Like I said, we Americans are just beginning to wake up to what we’ve been missing during these recent years of eating food that is both “safe” and processed to high hell. Every discovery of a new way to strip a previously processed food closer to its natural state is followed by a period of mania for it. I remember a recent period when sandwich shops and diners of a certain pretension all boasted that their sodas were made with “pure cane sugar” rather than the corn syrup we’re most familiar with. Subsequent manias have also included antibiotic-free livestock, free-range chicken and grass-fed beef. We know just enough about how our ancestors grew food to yearn for it, without ever interrogating that yearning or what obstacles truly lie in the way of resolving it.

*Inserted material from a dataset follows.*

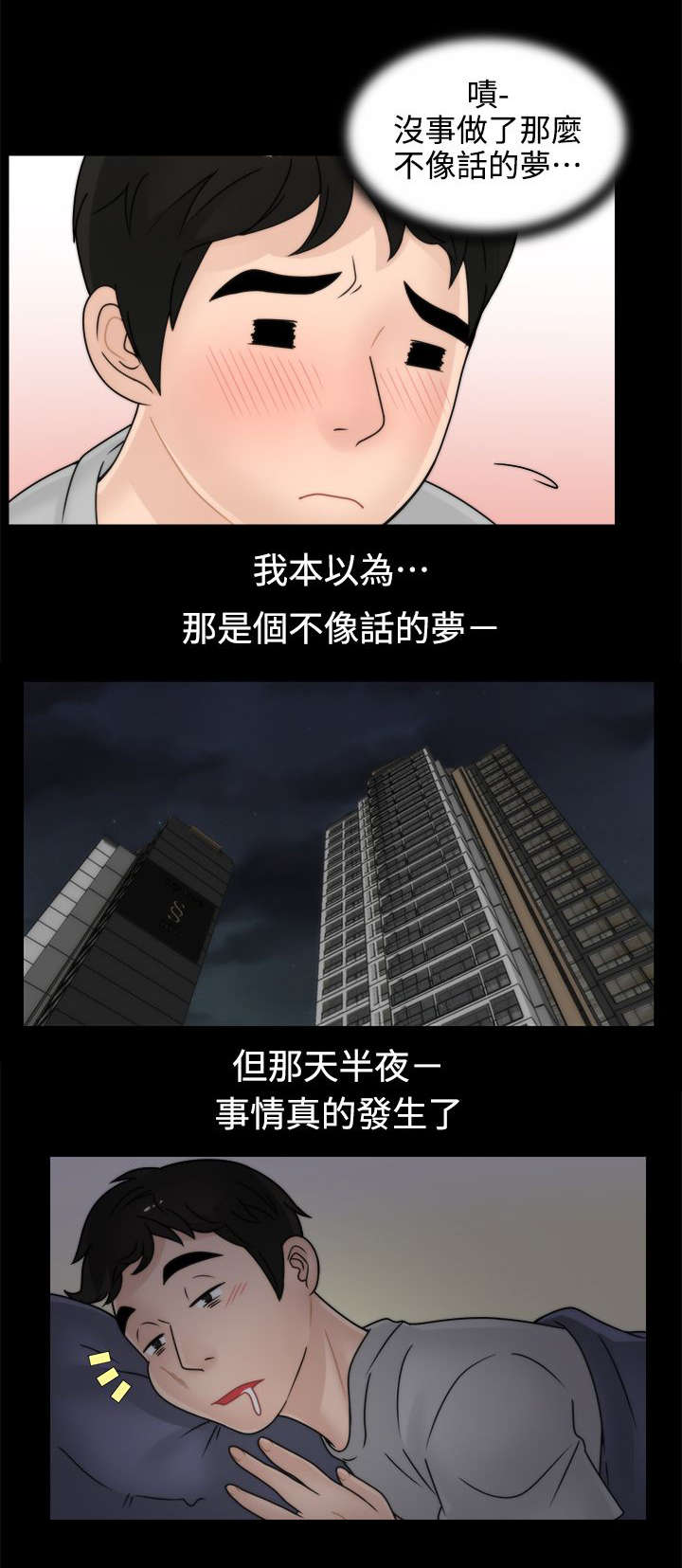 第5话3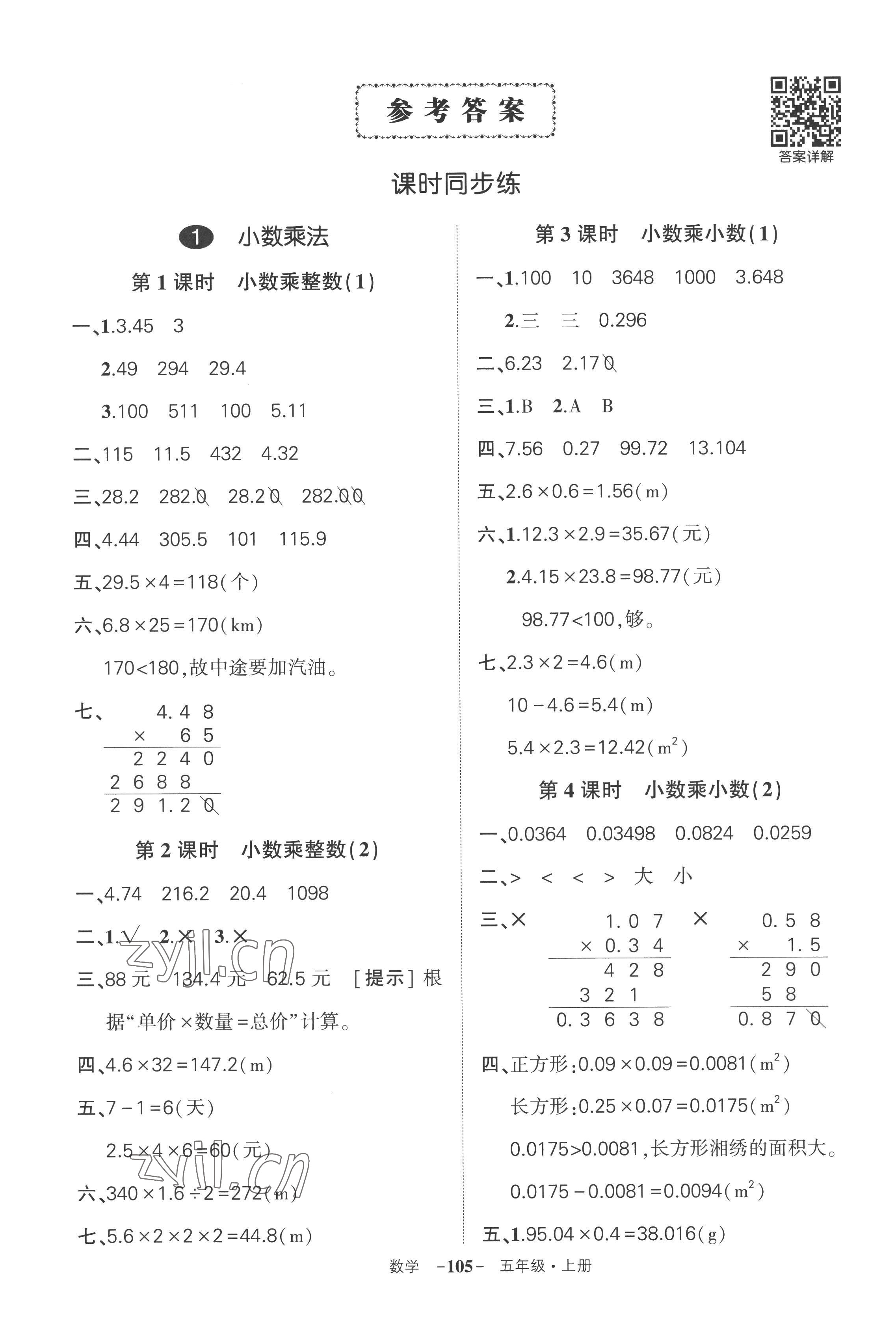 2022年狀元成才路創(chuàng)優(yōu)作業(yè)100分五年級數(shù)學(xué)上冊人教版湖南專版 參考答案第1頁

In the case of natural wine, it’s possible to grow grapes without pesticides and to ferment them only with the yeast that’s already in the air. The resulting product may taste better in a way that we associate with greater freshness (without added sulfites, natural wine has a short shelf life and must necessarily be consumed fresh). The production process may indeed be a relief on the earth, particularly in France, where Bull notes that wineries are a massive polluter. And we consumers may then flock to the stuff in droves, certain that by partaking of its characteristic gaminess we will also be able to access what we see as the hardscrabble wisdom of our ancestors, who probably would have given anything for the convenience of the preservatives we have now. As the problems plaguing the world change, so does the way it prepares its food.
Buying a bottle of natural wine, or eating a piece of raw milk cheese, isn’t a solution to the traumas caused by mass factory farming. We know those traumas are massive, and we turn to these individual “solutions” with that classic American optimism that we can buy our way to a better world. This isn’t to retread that tired old bromide that there is no ethical consumption under capitalism — if you feel better as a result of consuming a slightly less destructive version of a destructive thing, then by all means do so. It’s certainly not a bad thing to weigh one’s options and make the least destructive choice available. But the only problem we can satisfactorily address by choosing natural wine instead of conventional wine is that of taste.
To me, natural wine tastes pretty good, and I’ll probably drink it again. I’ll just banish those impossible questions of purity and how I can personally fix the problems of the world from my mind while doing so.